In the care sector, “the crisis has already happened”, he added.
Meanwhile, the annual NHS staff survey reveals rising discontent among its workforce of 1.3mn, with a marked drop in the proportion who are satisfied with their pay, would recommend their workplace to others, or feel valued and able to exercise autonomy at work.
But while the pay freezes imposed on many public sector workers last year are now lifting, Treasury guidance to the pay review bodies that will soon set out recommendations for 2mn public sector workers is that pay growth should retain “broad parity” with the private sector, but should also be both affordable and compatible with the 2 per cent inflation target.
The Department of Health and Social Care has said this implies a headline pay award of at most 3 per cent for NHS workers. The Department for Education has set out proposals that are generous to teachers early in their careers but imply big real terms pay cuts for experienced staff.
Although public sector workers still earn more on average than their private sector counterparts, a decade of pay restraint has already eroded their lead, making the gap smaller than at any point in the past 30 years, noted Ben Zaranko, at the Institute for Fiscal Studies.
Unions say staff worn out by the strains of the pandemic are increasingly switching to less stressful, better rewarded roles in the private sector.

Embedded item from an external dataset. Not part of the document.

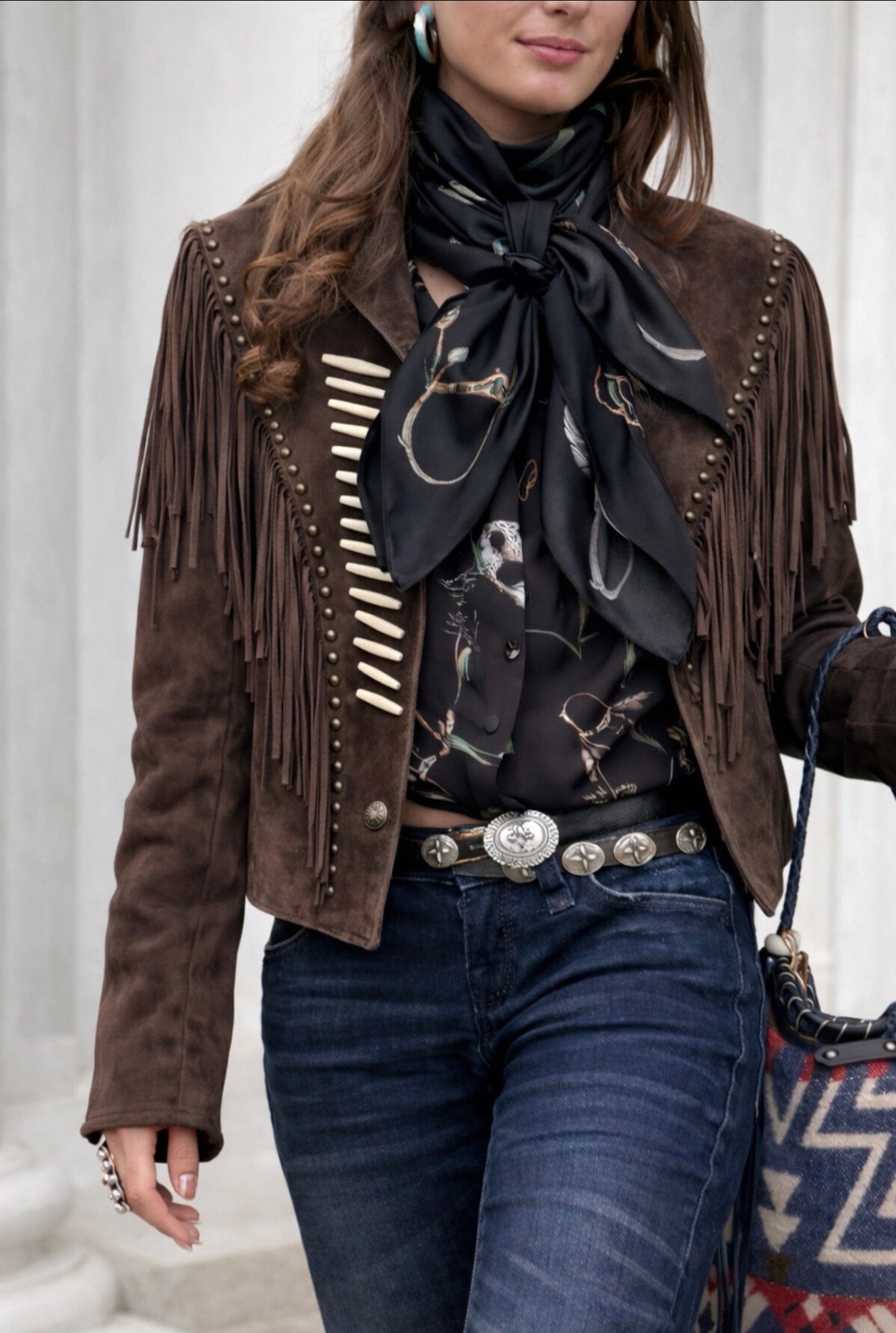 Suede fringed jacket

Mike Short, head of local government and education at Unison, the public sector union, said last year’s pay settlement of 1.75 per cent for local authority workers had left councils struggling to retain drivers for refuse collection and road gritting, as well as higher paid white collar staff.
According to Short, rapid increases in the statutory minimum wage have made it harder for public sector employers to pay a premium to attract so-called key workers. “If the best you can offer for those really challenging jobs is the national minimum wage, people will leave,” he said.
Unison has seen rising numbers of hospital porters, cleaners, catering staff and care workers moving to jobs in retail, logistics and hospitality; while paramedics shift to work at sports events and on film sets; and nurses find better paid, less pressured jobs with private providers.
This dynamic has led some departments to make pay rises more generous for those in lower paid roles, new recruits and those in their early careers.
This is especially pronounced in education, albeit for slightly different reasons, where the government has pledged to raise teachers’ starting salaries to £30,000, to attract new graduates and career changers, and stem the outflow of new teachers who leave within a few years of qualifying.
However, this implies a flatter pay scale and a continued pay squeeze for more experienced and highly qualified staff — which unions say is starting to affect their retention, and to deter middle ranking staff from seeking promotion to leadership roles carrying more career risk and responsibility.
The school leaders’ union, NAHT, has obtained government figures showing that even before the pandemic, a quarter of primary school leaders and more than a third of secondary school heads were leaving within five years of appointment.
Ian Hartwright, NAHT’s senior policy adviser, said the union was now seeing a surge of inquiries about early retirement from heads and deputy heads who had felt “duty bound” to see their schools through the pandemic but were in a state of “exhaustion”.
Pay is not the only issue affecting public sector workers, but it compounds other concerns around stress, increasing workloads — and in the case of civil servants, the new ministerial drive to recall staff to the office.
Alex Thomas, a programme director at the IFG, said officials with the digital and data expertise targeted by civil service reform plans were “precisely those most likely to exit based on pay” and who “would expect terms and conditions to be more flexible”.
He added: “I worry about the loss of . . . exactly the skills we most want to retain.”